Here's another analysis of Dell using the same theory...assume the PC business is worthless, and do a valuation estimate!  Cheers!

 

http://seekingalpha.com/article/897521-dell-too-cheap-to-ignore?source=yahoo

 

Two questions:

 

1, Assuming the PC business is worthless. Based on the latest investor presentation, Dell predicts about $27.5B in ES&S revenue in 2016 :

http://i.dell.com/sites/content/corporate/secure/en/Documents/Consolidated_Deck_web_final.pdf

 

Assuming a 10% growth rate, you have $30B in ES&S revenue in 2017, not $41B. At 13% operating margins, you have $3.9B in

operating income in 2017.

 

Now that is assuming a 10% growth rate (including Dell's promised numbers).
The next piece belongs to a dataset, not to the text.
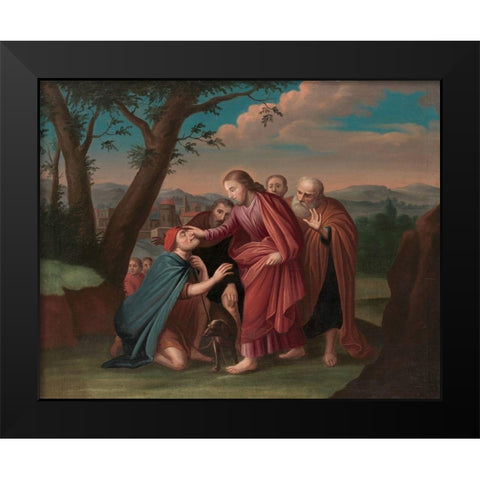 Christ Healing the Blindman Black Modern Wood Framed Art Print by Duyckinck, Gerardus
If you were to give yourself a margin of safety and assume a 7.5% growth rate, you end up with $27B in 2017 ES&S revenue and not $30B. Shouldn't we be using $3.5B in 2017 operating income?

 

I'm guessing the discrepancy is because people are including EUC driven revenue (software and peripherals, pc support services) in ES&S?

 

2, For the D+M business he assumes 22% gross margins in 2017. How reasonable is this? If unit sales are dropping and there is over capacity in the industry, shouldn't GMs drop even faster?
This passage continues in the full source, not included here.